Raphaël Ouazana-Sustowski wrote:
Hi,
Le Ven 2 mai 2008 11:01, hyc@symas.com a écrit :
luca@OpenLDAP.org wrote:
luca@OpenLDAP.org wrote:
This is a multi-part message in MIME format. --------------080809000906010300090306 Content-Type: text/plain; charset=ISO-8859-1; format=flowed Content-Transfer-Encoding: 7bit
Howard Chu wrote:
Thanks. Please try HEAD again.
No way. new testrun directory in ftp://ftp.sys-net.it/luca_scamoni_its5470_20080430-new.tgz
backtrace attached
recent commits seem to have fixed it (at least, right now I'm not able to reproduce it anymore...)
Right. Confirmed here too; I (temporarily) added an assert(0) to the offending branch of code to make sure the patch was actually getting hit. It takes a very particular timing to trigger that code path.
I'm not sure how we can reliably test for this down the road. Perhaps we should add a "disabled" config keyword for backends and syncrepl consumers, so that we can start up the individual servers, (which takes an unpredictable amount of time for each) and then enable various parts in a fixed sequence (e.g. 1 second sleeps between ldapmodify/enable requests). Even that's hit or miss, because our test database is so small it's unlikely that we can hit the window of time on demand.

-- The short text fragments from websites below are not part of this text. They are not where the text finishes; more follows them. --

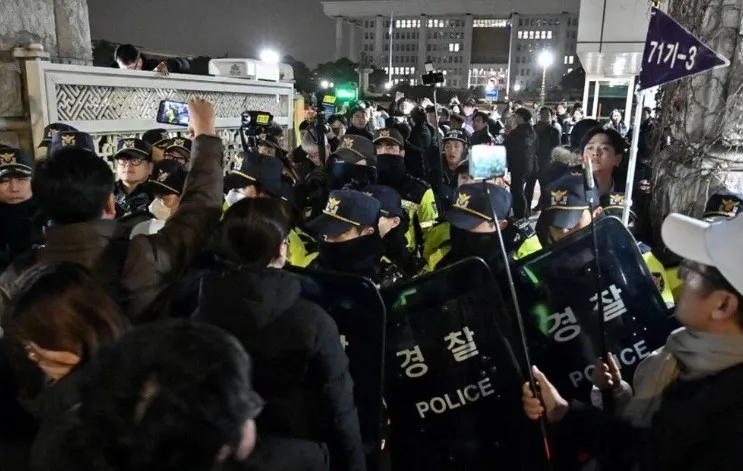 Güney Kore'de Cumhurbaşkanı Yoon Suk Yeol'un ilan ettiği sıkıyönetim, parlamento tarafından reddedildi. Siyasi krizin derinleştiği ülkede, muhalefet ve hükümet arasındaki gerilim tırmanıyor.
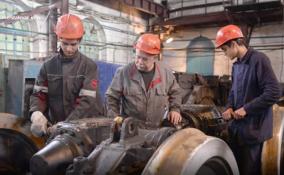 На Енакиевском металлургическом заводе специалисты ремонтируют
тепловозы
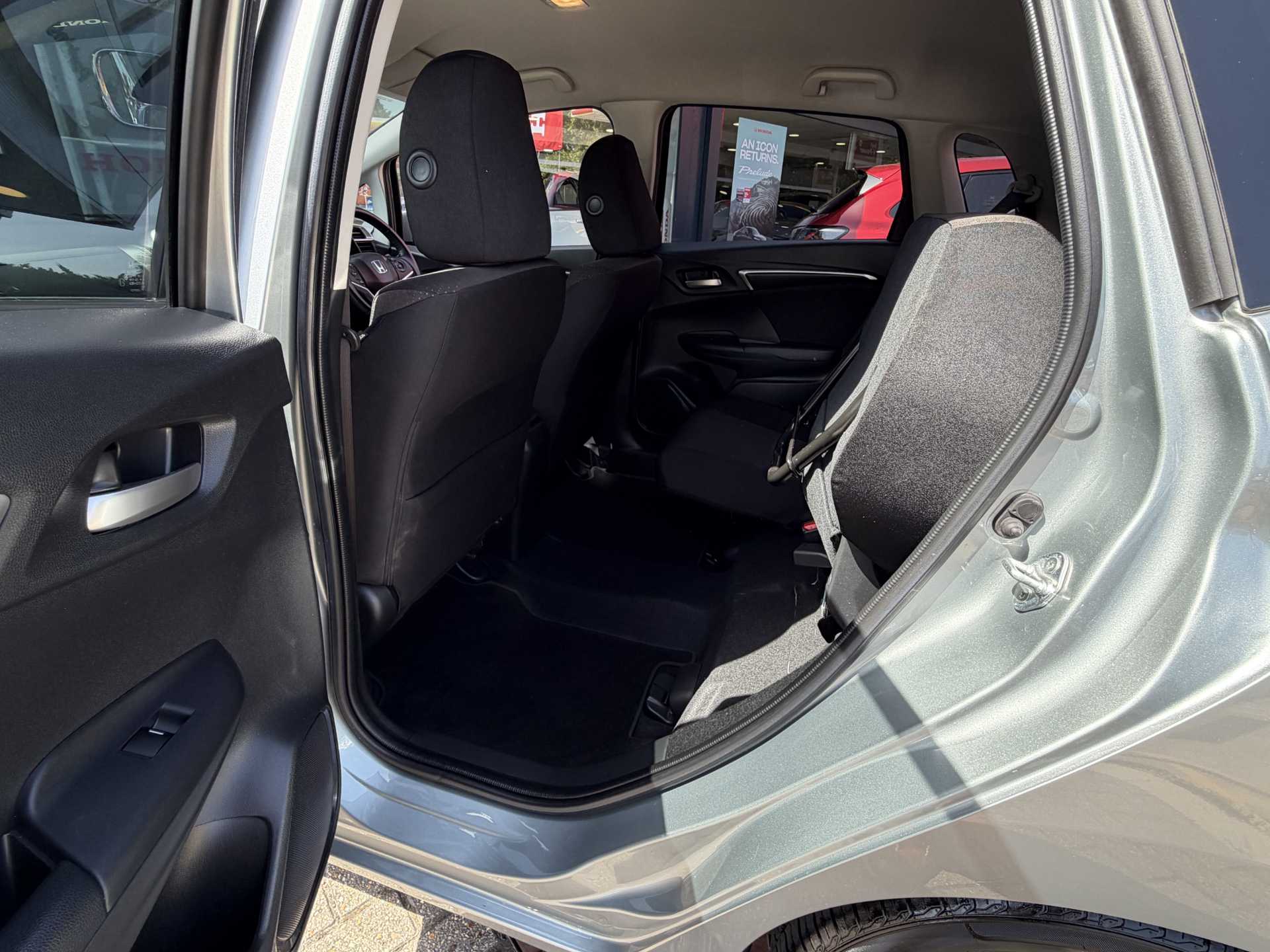 Honda Jazz 1.3 EX Navi 5dr CVT - Image 18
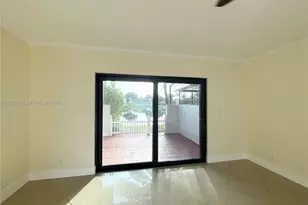 1606 NW 90th Way, Pembroke Pines, FL 33024 - Photo 14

I'm testing the last RE24 tag. After 201 successful runs of test050, I got a failure :/ Cleaning up test run directory leftover from previous run. Running ./scripts/test050-syncrepl-multimaster... running defines.sh Initializing server configurations... Starting producer slapd on TCP/IP port 9011... Using ldapsearch to check that producer slapd is running... Inserting syncprov overlay on producer... Starting consumer slapd on TCP/IP port 9012... Using ldapsearch to check that consumer slapd is running... Configuring syncrepl on consumer... Starting consumer2 slapd on TCP/IP port 9013... Using ldapsearch to check that consumer2 slapd is running... Configuring syncrepl on consumer2... Adding schema and databases on producer... Using ldapadd to populate producer... Waiting 20 seconds for syncrepl to receive changes... Using ldapadd to populate consumer... Waiting 20 seconds for syncrepl to receive changes... Using ldapsearch to check that syncrepl received database changes... Waiting 5 seconds for syncrepl to receive changes... Waiting 5 seconds for syncrepl to receive changes... Waiting 5 seconds for syncrepl to receive changes... Waiting 5 seconds for syncrepl to receive changes... Waiting 5 seconds for syncrepl to receive changes... Waiting 5 seconds for syncrepl to receive changes... ldapsearch failed (32)!
testrun uploaded in ftp://ftp.openldap.org/incoming/raphael-ouazana-testrun-080505.tgz
The logs show that the syncrepl consumers all timed out periodically, when trying to bind to a provider. It seems that using a 1 second timeout in the syncrepl configs is too short, or your test machine was too slow during that run.
Probably we should remove that timeout now, since the cn=config/thread pause issue has already been resolved.